The reason for the wrong rli->m_group_master_log_pos is that master dump thread will seek from the beginning of the binlog where the last slave-executed gtid resides and sends heartbeat event periodically to slave, slave IO/SQL threads update their master_log_filename:master_log_pos after receiving the heartbeat event according to the pos saved in it. So during this process, we will see that slave IO/SQL thread's master_log_filename:master_log_pos jumps from the middle of the master's binlog file to the beginning and increases linearly. If we stop slave during this process, slave IO/SQL thread's master_log_filename:master_log_pos will be wrong because they don't correspond to the last executed trans on slave.

The reason for 2) is that the relaylog is created by reconnecting rotate event, and slave is stopped when dealing with heartbeat events and writing rotate events to relaylog.

How to repeat:
Slave-config:
Gtid mode is on , MTS is on, MASTER_HEARTBEAT_PERIOD=1(the little, the better. Because more heartbeat events can be produced during master skipping events), Disk is HDD.

Master-config:
max-binlog-size=1073741824, binlog fromat is ROW, Disk is HDD(The slower, the better. Because it costs more time when skipping events, then we have more time to stop slave on slave)

Produce steps：
(1)Use sysbench oltp_write_only.lua to produce about 56W trans on master(binlog is as near to as 1073741824)
(2)Slave connects to master
(3)Kill/Shutdown master before slave IO thd catching up with master(the recommended number of slave executed trans > 50W, so slave's Exec_Master_Log_Pos is almost at the end of master's binlog).

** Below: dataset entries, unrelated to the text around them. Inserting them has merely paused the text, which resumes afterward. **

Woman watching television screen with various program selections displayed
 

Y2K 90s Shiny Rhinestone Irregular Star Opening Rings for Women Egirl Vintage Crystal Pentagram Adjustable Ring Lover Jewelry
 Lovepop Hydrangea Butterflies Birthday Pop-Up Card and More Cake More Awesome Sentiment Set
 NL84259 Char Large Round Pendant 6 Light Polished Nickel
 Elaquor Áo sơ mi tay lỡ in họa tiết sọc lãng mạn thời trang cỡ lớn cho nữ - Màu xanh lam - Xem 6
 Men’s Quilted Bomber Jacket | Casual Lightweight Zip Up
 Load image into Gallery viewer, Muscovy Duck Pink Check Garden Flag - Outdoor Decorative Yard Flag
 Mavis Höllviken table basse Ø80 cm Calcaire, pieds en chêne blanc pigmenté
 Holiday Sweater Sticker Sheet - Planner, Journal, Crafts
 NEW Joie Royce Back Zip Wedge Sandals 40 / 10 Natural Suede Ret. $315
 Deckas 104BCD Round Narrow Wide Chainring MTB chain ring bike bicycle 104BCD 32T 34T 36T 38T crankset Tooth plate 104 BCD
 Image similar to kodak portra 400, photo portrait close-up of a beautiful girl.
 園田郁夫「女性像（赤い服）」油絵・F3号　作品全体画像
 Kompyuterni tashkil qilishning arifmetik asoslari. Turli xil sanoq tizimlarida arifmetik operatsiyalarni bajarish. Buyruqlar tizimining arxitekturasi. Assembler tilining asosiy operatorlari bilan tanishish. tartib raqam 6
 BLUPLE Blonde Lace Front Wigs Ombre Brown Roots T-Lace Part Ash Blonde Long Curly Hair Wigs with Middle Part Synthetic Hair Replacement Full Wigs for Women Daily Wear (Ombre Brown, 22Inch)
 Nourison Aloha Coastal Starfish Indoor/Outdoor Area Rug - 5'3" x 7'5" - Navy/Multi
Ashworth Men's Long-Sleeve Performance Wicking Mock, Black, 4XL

In our case, the IO thd's position is: Master_Log_File: mysql-bin.000001, Read_Master_Log_Pos: 1038177511.

Caution: don't let IO thd catch up with master!!! If IO thd caught up with master, then master will position to the newly created binlog file during restart when dealing IO reconnecting. In this case, this bug can't be repeated.

(4)Wait for slave SQL thd catching up with IO thd.

In our case, SQL thd's pos is: Relay_Log_File: relay.000003, Relay_Log_Pos: 1038176951, Relay_Master_Log_File: mysql-bin.000001, Exec_Master_Log_Pos: 1038176746.

(5)Start master, use show slave status to observe IO thd's master pos on slave.
(6)Stop slave before master finishing skipping slave-executed events（Slave IO thd's master pos doesn't catch up with that of step3, in our case, that is 1038177511）
(7)Check table mysql.slave_relay_log_info and mysql.slave_worker_info to ensure Master_log_name:Master_log_pos in mysql.slave_relay_log_info is less than that in mysql.slave_worker_info. If not , repeat step 1-6.

In our case, the position in mysql.slave_relay_log_info is: Relay_log_name: ./relay.000004, Relay_log_pos: 481, Master_log_name: mysql-bin.000001,Master_log_pos: 505666371.
The position in mysql.slave_worker_info is: Id: 1, Relay_log_name: ./relay.000003, Relay_log_pos: 1038175066, Master_log_name: mysql-bin.000001, Master_log_pos: 1038174861; Id: 2, Relay_log_name: ./relay.000003, Relay_log_pos: 1038176951, Master_log_name: mysql-bin.000001, Master_log_pos: 1038176746; ...; Id: 8, Relay_log_name: ./relay.000003, Relay_log_pos: 1038154343, Master_log_name: mysql-bin.000001, Master_log_pos: 1038154138.

(8)Start slave, error happens.

Suggested fix:
Before set_group_master_log_pos, compare current m_group_master_log_pos with the setting value, do not decrease m_group_master_log_pos when m_group_master_log_name is the same.

Hi,

What part of the slave is important for you to be lagging, part that fetches data from the master or part that executes it as in order to delay slave receiving data easiest test would be to cut network connection for a while but not sure if that's what you are testing here. Running a slower server for slave will get slave to delay execution (increased slave behind master value). 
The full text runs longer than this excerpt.